Some advice for Republicans: Adopt the Cruz amendment and get re-elected

Special to WorldTribune.com

Stephen Moore

By Stephen Moore

Republicans are finally getting smart on Obamacare. It took one of the savviest Republican senators — Ted Cruz of Texas, with an assist from Mike Lee of Utah — to get the GOP to figure out how to replace Obamacare, reduce premiums and save money for the government, all without alienating millions of voters. He’s pulled the Republicans’ fannies out of the fire, flipping a losing strategy into a big-time winner.

The Cruz amendment — which has been inserted into the GOP Senate health plan — is smart, because it doesn’t take anything away from anyone. If you want Obamacare, you can have it. You can have the coverage for the 10 “essential benefits”; you can have the subsidies and exchanges that were supposed to save $2,500 per family. It’s still there for you.

Sen. Ted Cruz, Texas. / Greg Nash / The Hill

The Cruz amendment introduces what is called the “Consumer Freedom Option.” The Consumer Freedom Option allows insurers who offer Obamacare-compliant plans to offer a range of less costly plans. In other words, it empowers people and families to pick and choose what they want in their own insurance packages. Some families want, and can afford, blanket coverage that insures them for everything from cancer to contraceptives. If you want to pay for that coverage, go for it.

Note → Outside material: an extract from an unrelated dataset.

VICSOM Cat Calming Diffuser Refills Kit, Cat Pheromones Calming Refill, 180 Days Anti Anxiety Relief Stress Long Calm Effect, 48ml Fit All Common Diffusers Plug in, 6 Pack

What about people with lower incomes or healthy lifestyles that want the other extreme? They can opt for slimmed-down coverage that protects them from major medical expenses, such as costly ongoing treatments for a serious disease. These families may choose to pay for more routine medical expenses, such as checkups, out of pocket. One benefit is that since more people will pay directly for medical services, they are likely to shop around for the best prices, and this competition will lower prices for everyone.

In other words, the Cruz amendment is pro-choice — which I thought was one of the tenets of liberalism. Cruz tells me that based on the preliminary numbers, he believes this approach could save tens of millions of Americans as much as 30 percent on their health costs. That’s thousands of dollars of savings per family.

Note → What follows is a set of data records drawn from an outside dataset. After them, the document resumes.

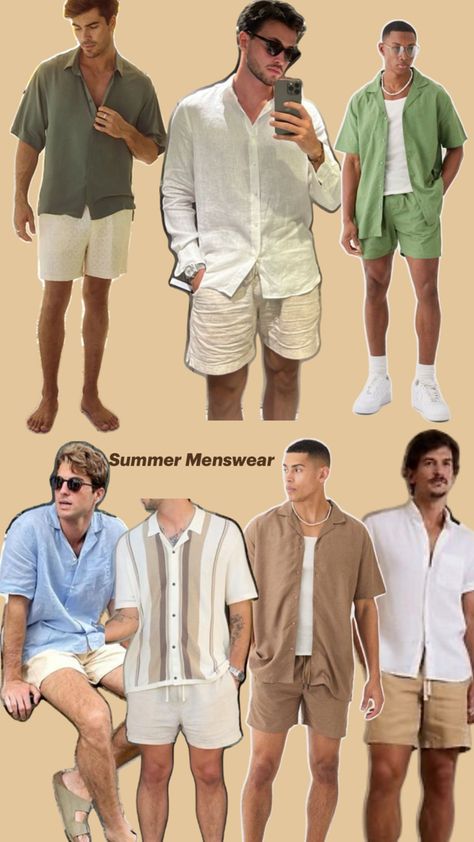 Summer men style inspo, vacation Thailand Men Outfit, Men’s Vacation Outfit Ideas, Summer Style Men Casual, Summer Vacation Outfits Men, Mens Vacation Outfits Beach, Summer Men Style, Men Vacation Outfits, 18th Dress, Honeymoon Fits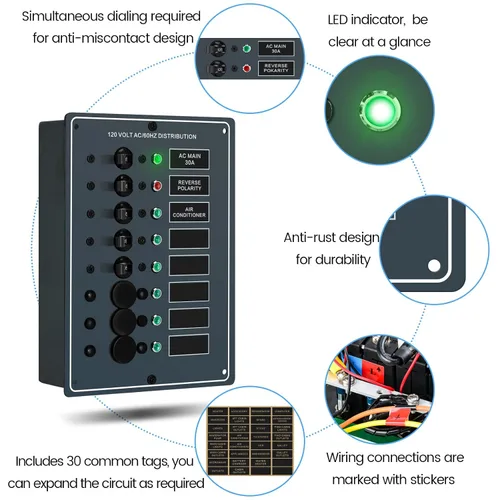Vista 4 de Haoguo - Panel de interruptor de circuito de 6 posiciones AC con indicador LED de polaridad inversa roja, incluye cubierta trasera de aislamiento AC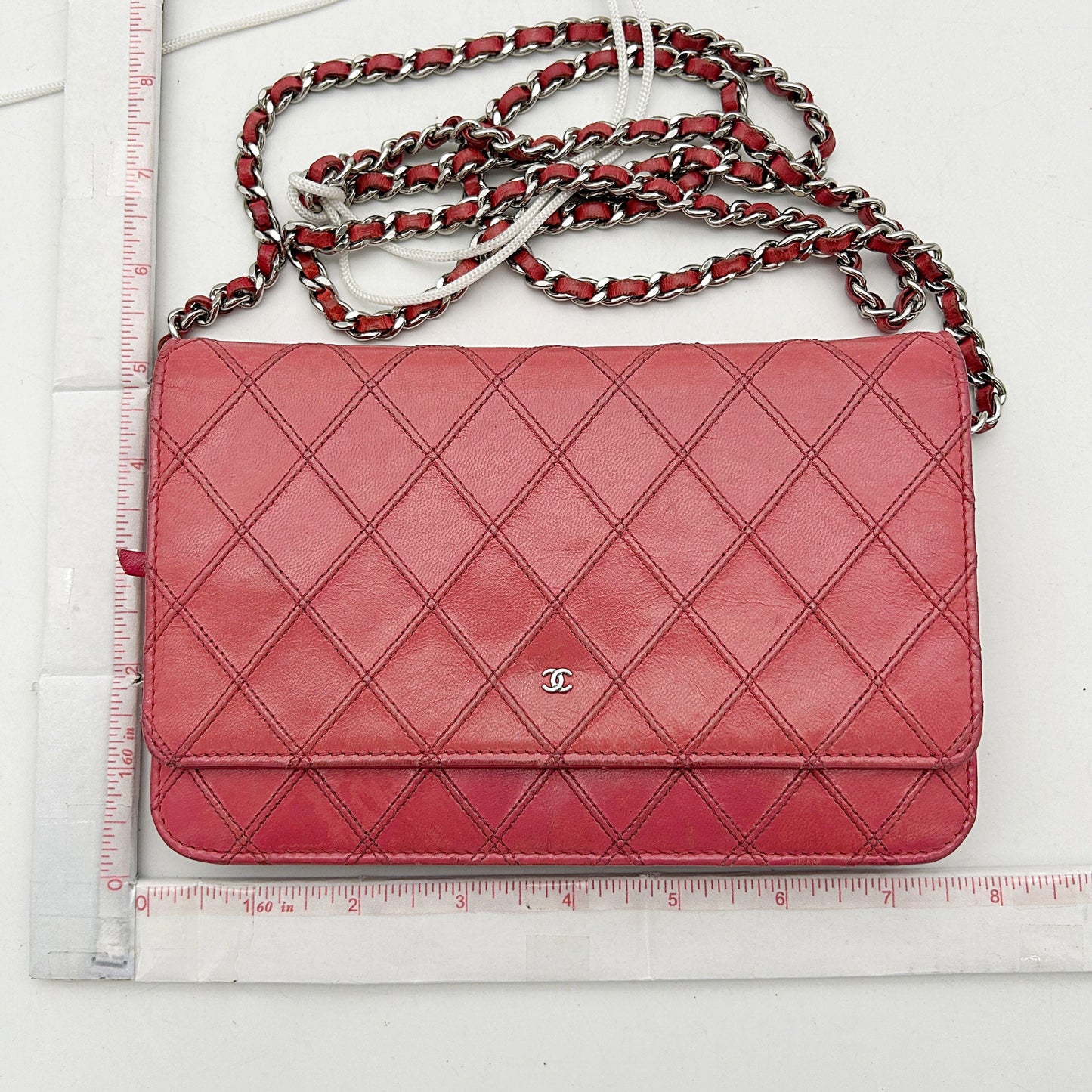 Chanel Matelasse Chain Wallet A33814 Women's Lambskin Chain/Shoulder Wallet Pink LA17738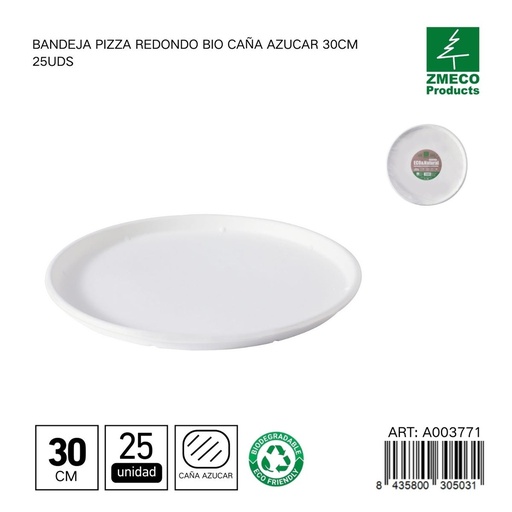 [A003771] Bandeja de pizza redonda biodegradable de caña de azúcar 30cm 25uds - Utensilios desechables y ecológicos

My advice for the Republicans is to start running national ads right now with a Geico-type message. A mother is smiling as she pays the bills at the kitchen table and declares: “I just saved $5,000 on my health care thanks to Ted Cruz.”

The Cruz plan to progressives is like a cross to a vampire. They complain that this will destabilize the market and turn marketplaces into high-risk pools. Insurance companies are claiming that the sick and those with pre-existing conditions will have to pay more.
That’s partly true, but it’s not the whole story. The Cruz amendment provides billions of dollars in subsidies for people who have pre-existing conditions and high medical costs.

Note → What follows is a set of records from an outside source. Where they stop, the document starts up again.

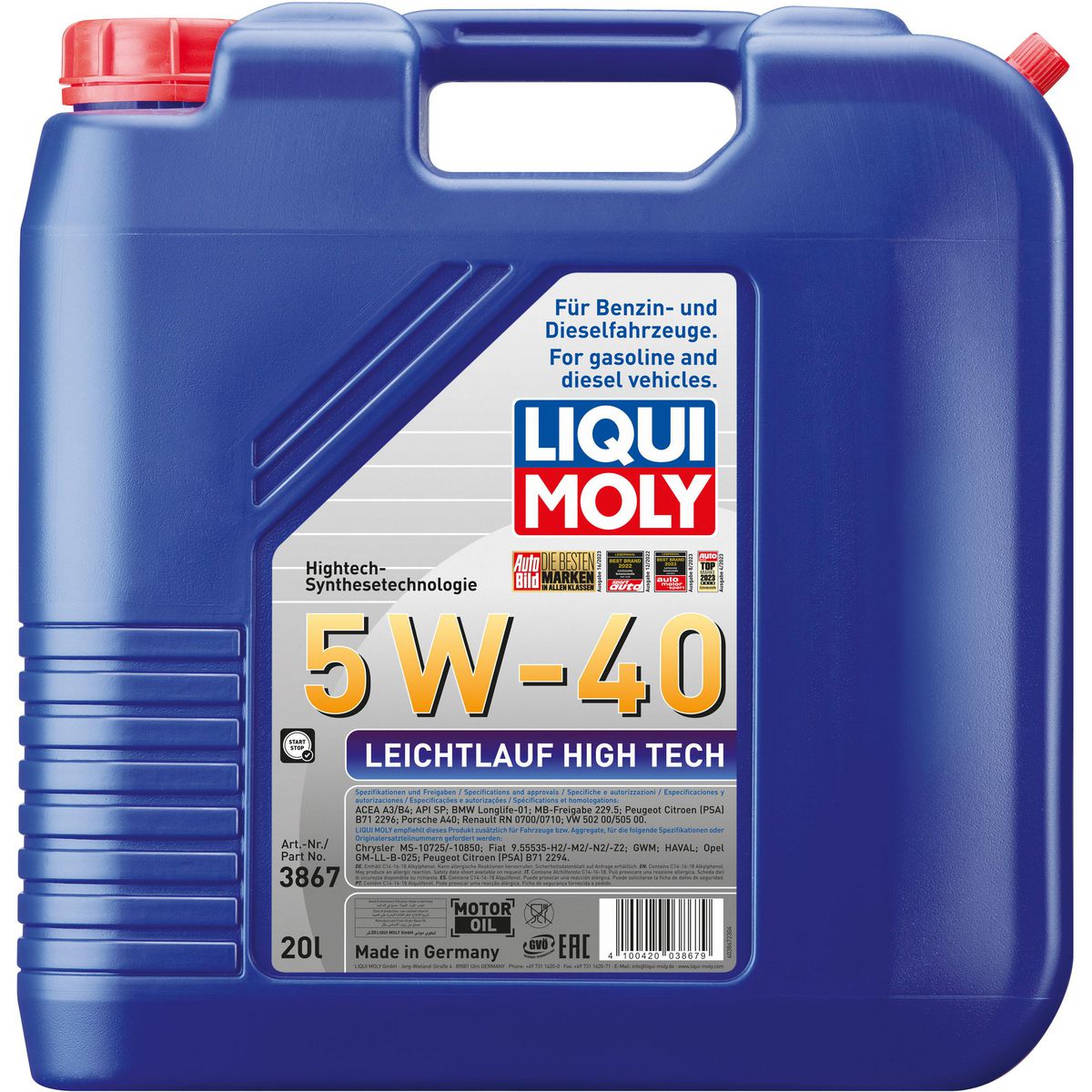 LIQUI-MOLY Leichtlauf High Tech 5W-40 Engine Oil 20L 3867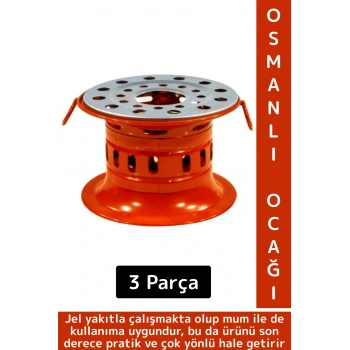 Portatif Balkon Bahçe Kamp Outdoor Jel Yakıt Mum Kullanım 4 Saat Yanma Süre Nostaljik Osmanlı Ocağı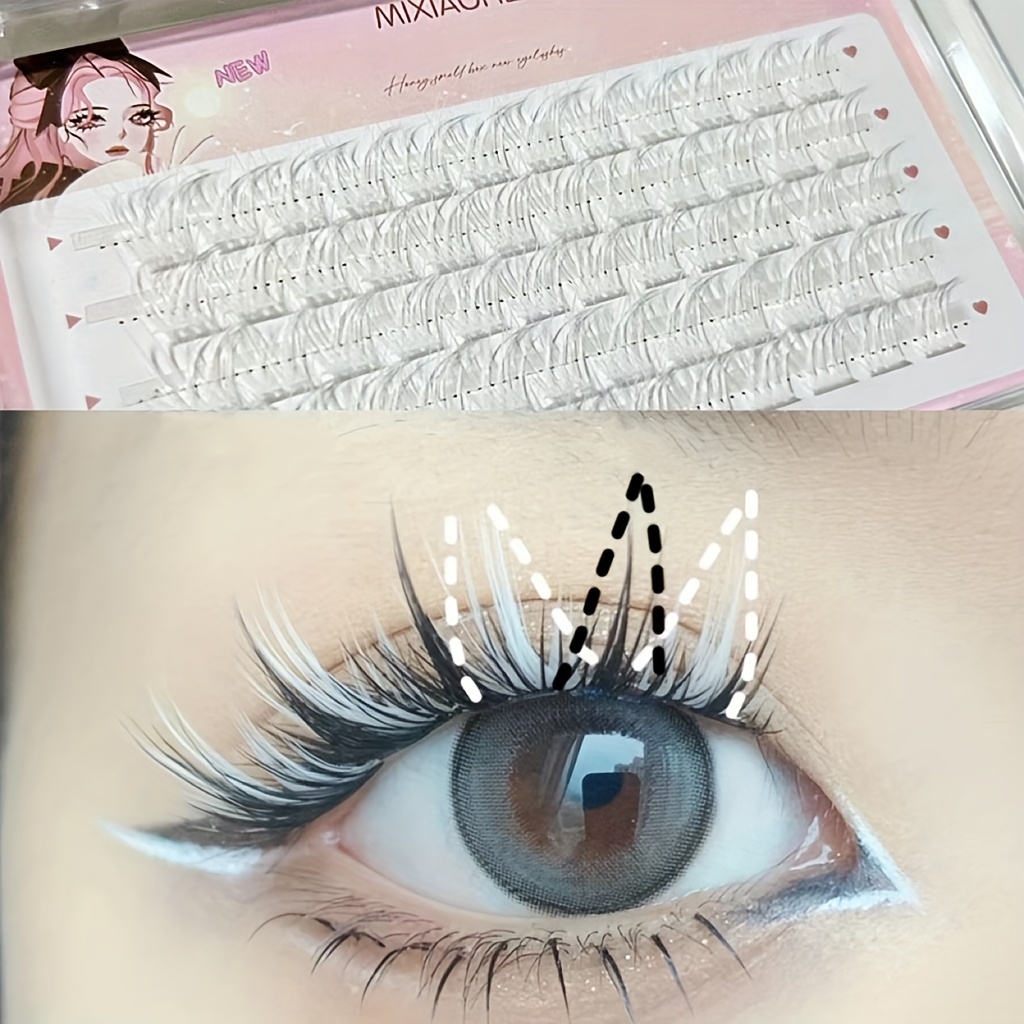 Cils colorés Mixiaohe, 60 bouq - Anime Cosplay Lashes avis et prix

Cruz believes the number of people without private insurance who don’t have adequate coverage for pre-existing conditions is only about 1.5 million people. Why contaminate a functioning insurance market for 300 million people to give coverage to 1.5 million?

The Cruz plan provides protection for those 1.5 million people, while giving tens of millions of Americans the freedom to choose the affordable plan of their choice. Cruz says that the majority of the people in Texas who have had to pay the Obamacare penalties for not buying a plan have incomes of less than $50,000. They are the victims of the “Affordable Care Act.”

The Left prefers a system in which people who want Cadillac coverage are subsidized through higher premiums paid for by people who don’t want that coverage. How is that fair?

Another virtue of the Cruz plan is that if people can save money on their medical insurance by living healthier lifestyles — by exercising, not smoking or doing drugs, getting enough sleep, watching their weight — they will be rewarded with plans that offer lower premiums. This will incentivize behavior that contributes to wellness, which will dramatically lower health care costs overtime. So the Consumer Freedom Option is tied to a concept liberals have come to hate: individual responsibility.

And now for the real genius of the Cruz plan: If his amendment stands, the Left’s grand vision of a single-payer government-run insurance dystopia will go up in smoke for good. The Left wants everyone in the same insurance boat. No competition in plans. But once people are given the right to choose the health plan that is affordable to them and tailored to their individual needs, they will resist single-payer, one-size-fits-all insurance. It doesn’t take a village to buy a health plan.

If the GOP is smart enough to rally behind the Cruz amendment, and health costs and premiums start falling almost immediately, we will start to have what Obamacare never delivered: affordable care. And by the way, Trump would get re-elected in a landslide and so would congressional Republicans.

Stephen Moore is a columnist for WorldTribune.com, and a distinguished visiting fellow at the Heritage Foundation and a senior economic analyst with CNN.